Peter Hooper is managing director and chief economist for Deutsche Bank Securities in New York.
The Federal Reserve has an extremely challenging task at hand. With price inflation on the rise and a tight labor market, the central bank must now navigate the economy away from overheating and land it in a sweet spot of full employment and price stability.
But the Fed has never been able to achieve such a soft landing. Every time it has attempted the feat, we’ve fallen into a recession — the severity of which corresponds with how much the economy overheated.
And yet, the Trump administration doesn’t seem concerned about this. It has taken at least six actions that have either actually or potentially boosted inflationary pressures. As a result, it has risked making our next economic downturn more severe.
First, the president signed into law massively procyclical tax-cut and spending packages for the first time in five decades. Based in part on calculations provided by the Congressional Budget Office, these measures will add, conservatively, half a percentage point to gross domestic product growth on average this year and next. This will push the unemployment rate at least another half a percentage point further below the non-accelerating inflation rate of unemployment (better known as NAIRU, or in oversimplified terms, full employment). Historical experience — and recent evidence at the state level — indicates that the further unemployment drops below NAIRU, the higher wages and price inflation go up.
Second, the administration declared a weak-dollar policy good for America, arguing that it is good for trade. But it doesn’t acknowledge how a weak dollar would affect inflation. Thanks to a firm dollar over the past few years, import prices fell, holding inflation for U.S. goods in mildly negative territory and depressing overall inflation. But now, thanks to a weakening dollar, import prices are rising at a significant pace and will soon push the price of domestic goods upward.
Third, the regulatory rollback of significant portions of the Affordable Care Act will effectively increase the number of people not covered by health insurance. When an uninsured person needs care and cannot afford it, the hospital picks up the tab. This is important because hospital costs account for nearly half of overall health-care costs, which in turn accounts for one-fifth of core consumer price inflation.
Before the ACA, hospital inflation generally averaged above 4 percent as hospitals raised fees to cover the cost of uninsured patients. Post-ACA, with increased insurance coverage, hospital inflation fell below 2 percent , contributing to low inflation overall. But in the past six months — as Republicans attempted to roll back the ACA — hospital inflation has soared to an annual rate of 6 percent.
Fourth, the administration has imposed tariffs on steel and aluminum, and threatened tariffs on automobiles and imports from China. Broader tariffs on China could add several tenths of a percent to U.S. consumer prices. And while the metal tariffs were projected to not have as much of an effect, anecdotal reports suggest producers not covered by the tariffs are using them as cover to raise prices. A recent Fed Beige Book noted that no fewer than nine of the 12 Federal Reserve districts reported problems with the steel tariffs, often in the form of price increases.

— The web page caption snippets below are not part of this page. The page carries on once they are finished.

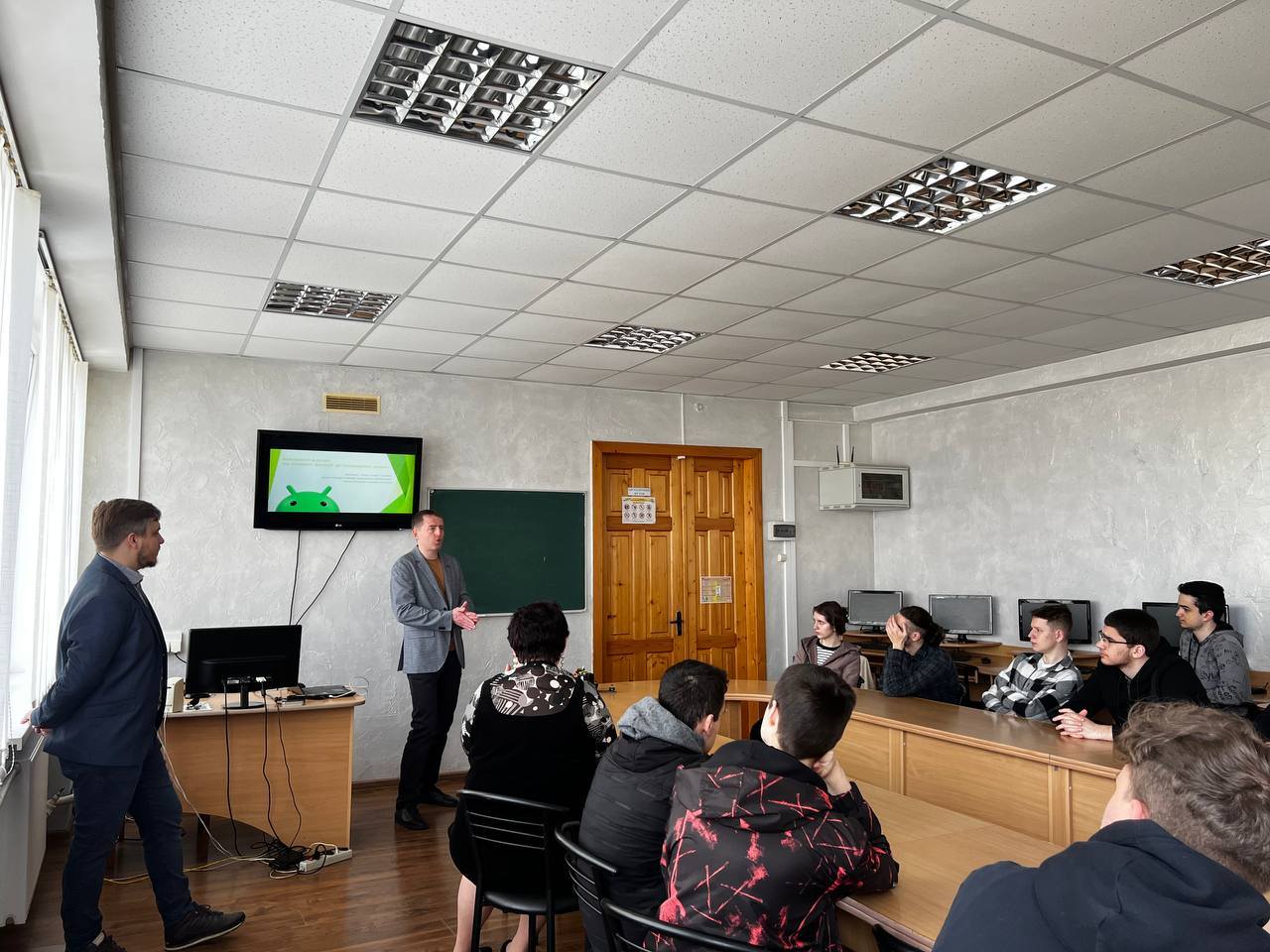 Майбутні програмісти, це для вас! 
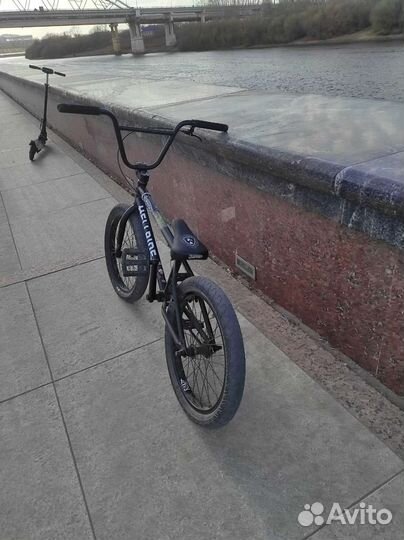 Bmx subrosa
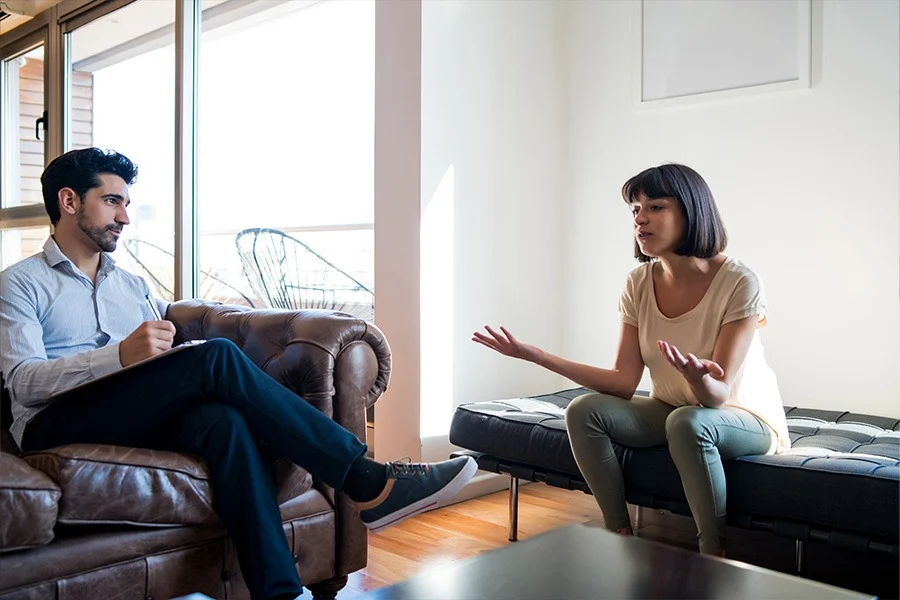 how-to-get-rid-of-adderall-tongue patient with therapist in therapy for Adderall addiction.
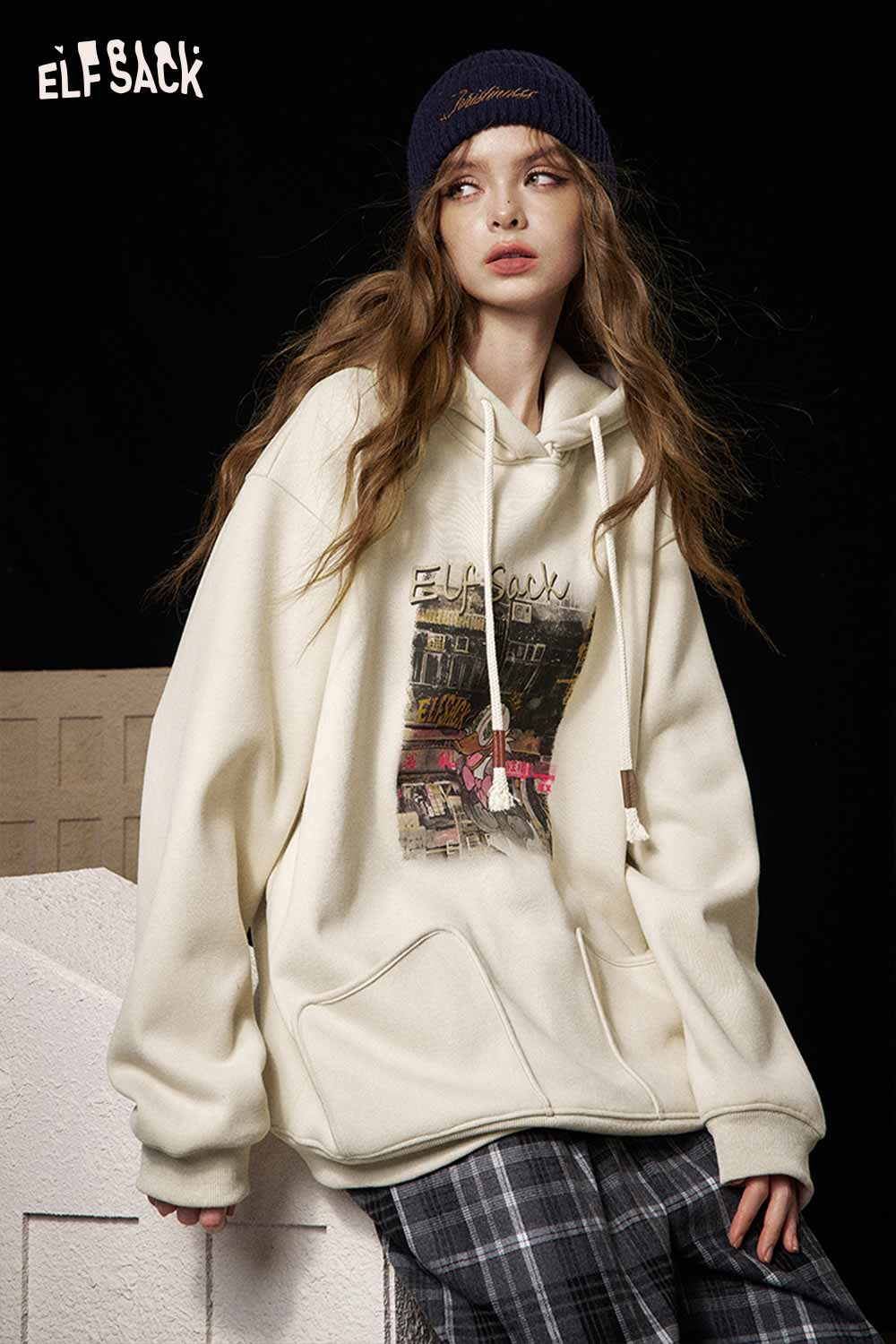 ELFSACK soft graphic hooded sweatshirt in cream with a stylish print and cozy fit for casual wear
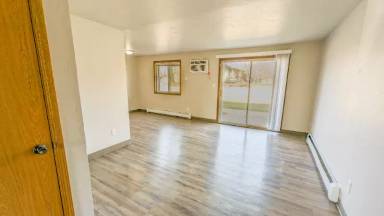 Main picture of 1856 Verlin Rd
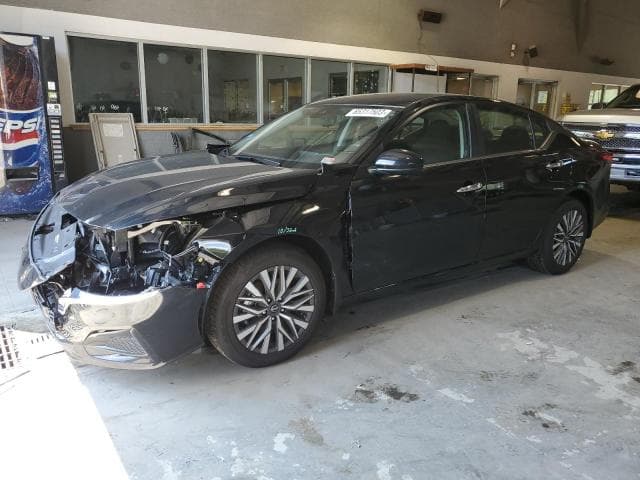 2023 Nissan altima salvage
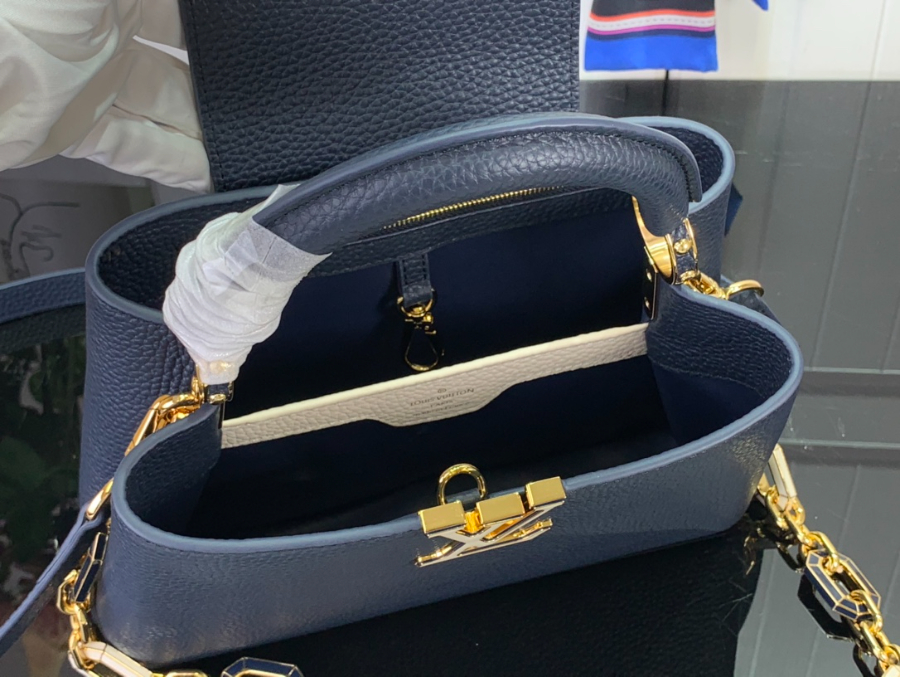 루이비통 카퓌신 BB 네이비 M25211 27189cm5.jpg
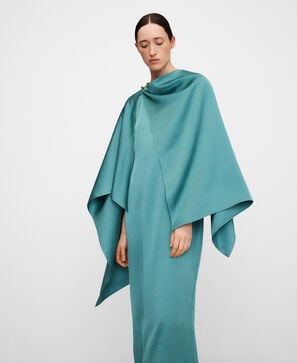 Vestido largo satinado con chal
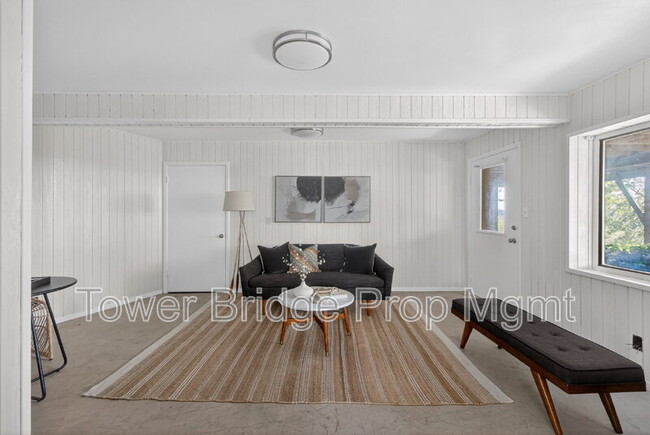 Building Photo - 3937 Orangewood Dr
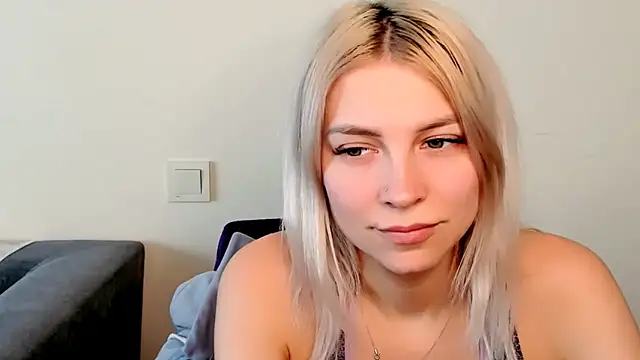 Chat XXX en directo de FoxyKathryn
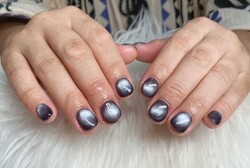 「ハンド マグネット ワンカラー」ネイビーとグレーの中間色のようなお色味でキラキラ艶々で素敵です！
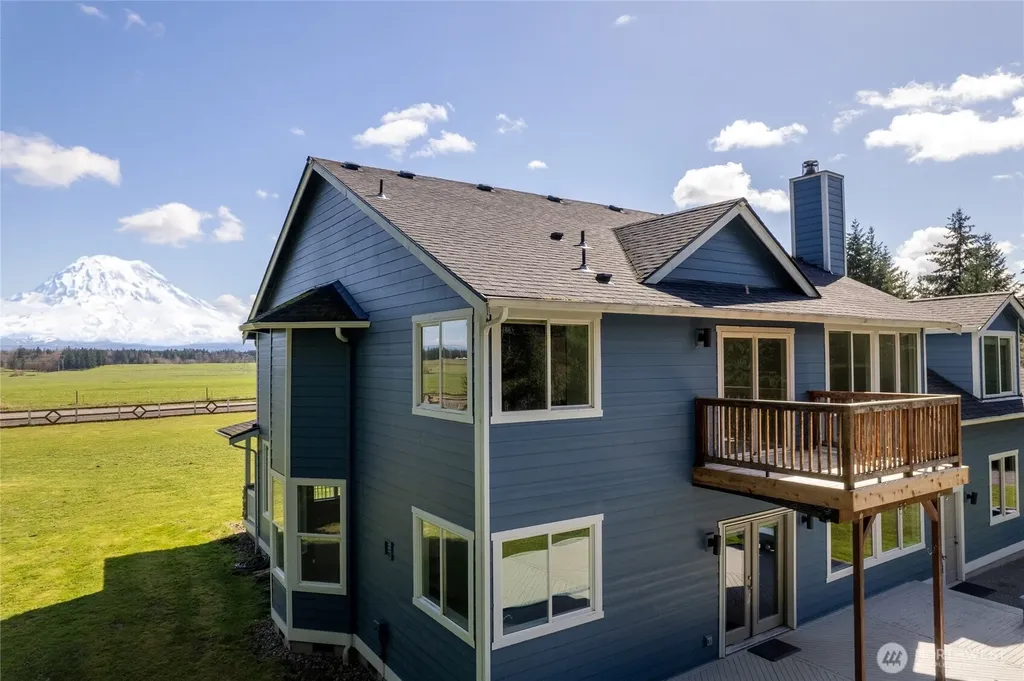 31502 40th Avenue S Roy WA 98580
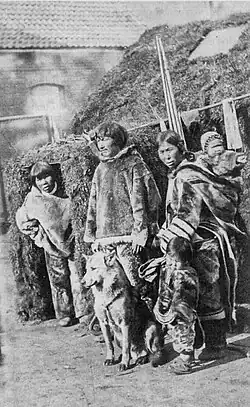 Abraham und seine Familie vor einer Hütte, Foto von 1880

Fifth, the administration has taken actions in the tech sector that might raise prices for consumers. The Federal Communications Commission repealed net neutrality rules, which required Internet service providers to offer equal access for all users to all Internet content. While the new rules have yet to go into effect, service providers may increase user costs by selling access to higher quality service to both browsers and vendors on the Web. More recently, President Trump tweeted his concerns about Amazon’s tax payments and use of the U.S. Postal Service. Actions taken to raise Amazon’s delivery costs or otherwise clip its wings could have an inflationary impact. And that’s not negligible: Amazon’s entry into various markets for consumer goods has tended to depress the prices of those goods. Jeffrey P. Bezos, the founder and chief executive of Amazon, also owns The Post.
Finally, by withdrawing from the nuclear agreement with Iran and toughening economic sanctions against that country, the administration has effectively cut global oil production and boosted oil prices. The effects are already being felt in prices at the pump.
Taken together, these actions could add up to the spark that ignites a surge of inflation. This has happened before: Inflation remained remarkably low into the mid-1960s as unemployment moved further below NAIRU. But passage of Medicare and Medicaid during the last bout of significantly procyclical fiscal policy led to a surge in health-care inflation. Coupled with excessively easy monetary policy, price inflation took off.
Of course, the Fed has learned from its mistakes and is not about to repeat them. But every time the administration does something to boost inflation, the Fed will have to respond with more action to cool the economy. Despite the administration’s intentions, it might end up doing more to hurt the economy than to help it.